Its a very valid XHTML 1.0 Transitional site. At least according to w3 org.
But, my header has utf-8 in lower case.
And G itself has UTF in capitals.
Who is to blame here? And would there be any side effects to this? At the moment not, looking at the traffic G sends...
I saw that my site is listed as having all its content listed as USASCII
What does your server header say for character encoding? Not the meta tag in the html source code, but the http header sent from the server? These two should agree, but when they do not the higher priority is the http header.
As far as case goes, I'm not aware that it's an issue - I see it both ways in the server header, but Google probably uses upper case as the standard for their reporting.
Checked a few others, on the same hoster and another hoster, and they give the same, just text/html
And there the webmaster tools give the correct character set, in that case windows-1252 (in header of actual page)
I think its a bug. A real Google bug. The bot doesn't understand lower case utf... or webmaster tools doesn't report correctly.
Unless a lower case utf-8 as language descriptor is not valid.
In that case, w3 has a bug in their validation.
Anyway, I changed things to uppercase.
Would be nice to know if other webmasters have the same.
Get those server response headers in shape, correct the HTML meta-tags if you use them, and then see if this "case error" goes away.
For Apache, see AddType and AddCharset in mod_mime.
Jim
Checked a few other sites, even with windows-1252, also listed totally as US-ASCII.
A phpbb3 forum, ALL of its page are in UTF-8 (uppercase), and there the webmaster tools report about 70% in US-ASCII, and 29% in UTF-8 and 1% unknown...
I am seeing ghosts ?
[edited by: Gede at 10:36 pm (utc) on Aug. 22, 2008]
application/xhtml+xml
I hate to correct jdMorgan, but neither Internet Explorer nor Googlebot understand this mime type, so you should absolutely stick to
text/html even if you are using XHTML. You may be right about this being a bug, as using lower-case (utf-8) should be accepted. However, I've not done any analysis so I can't say this with any degree of certainty.

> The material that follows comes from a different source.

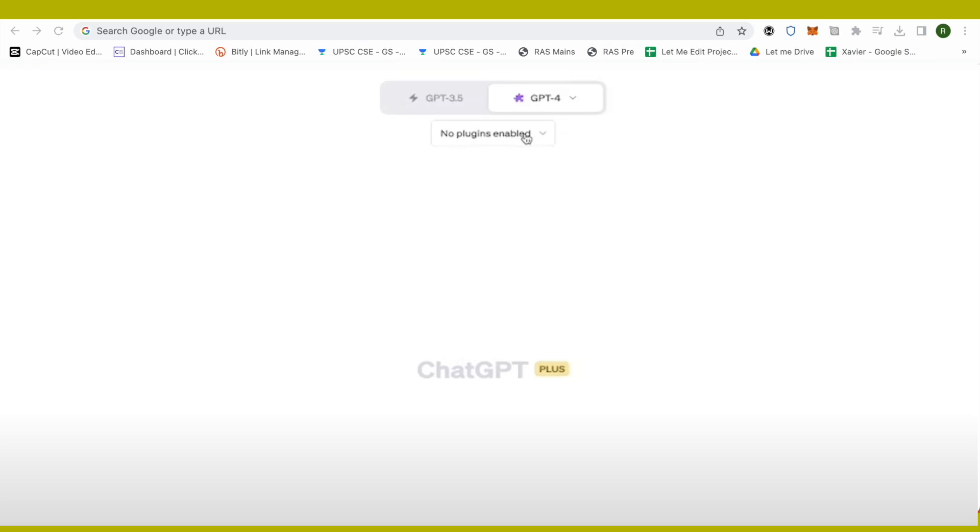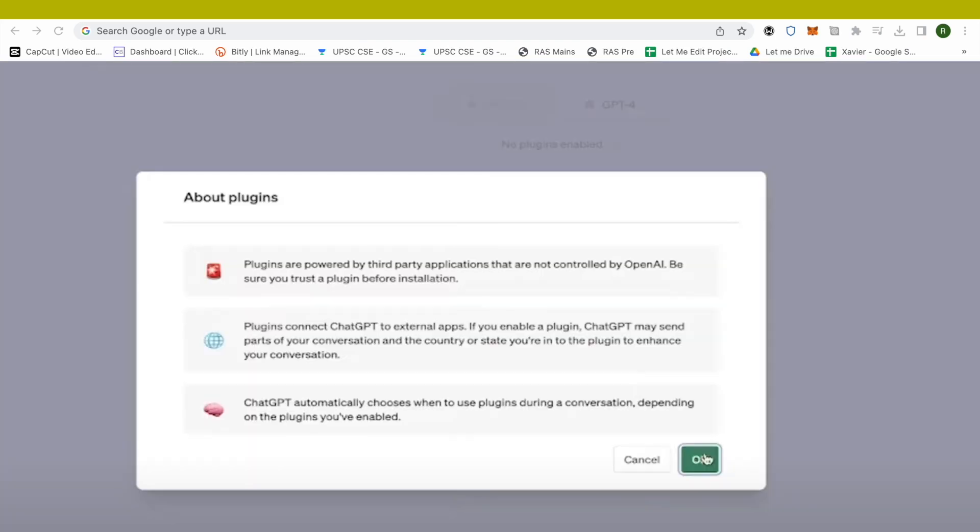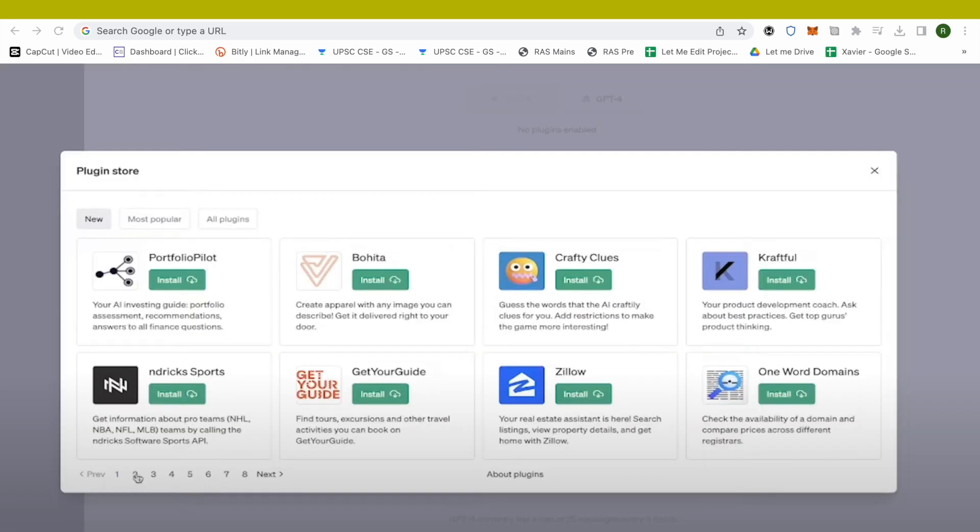you will be able to see that no plugins are installed as of now. First, just click on it. After that, click OK if you agree to the terms and conditions, and then you will be able to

What's more, I always use upper-case so I don't have a test case to compare.
Is your content really UTF-8, in that you are using at least some double-byte characters in your content, or are you using English with nothing outside the US-ASCII range?
Googlebot has no problems indexing the site, as far as I can see, and the site does well enough.
I have requested the hoster to make changes so the site is correctly served, and if they don't want to make changes, I'll put it in the header myself with php.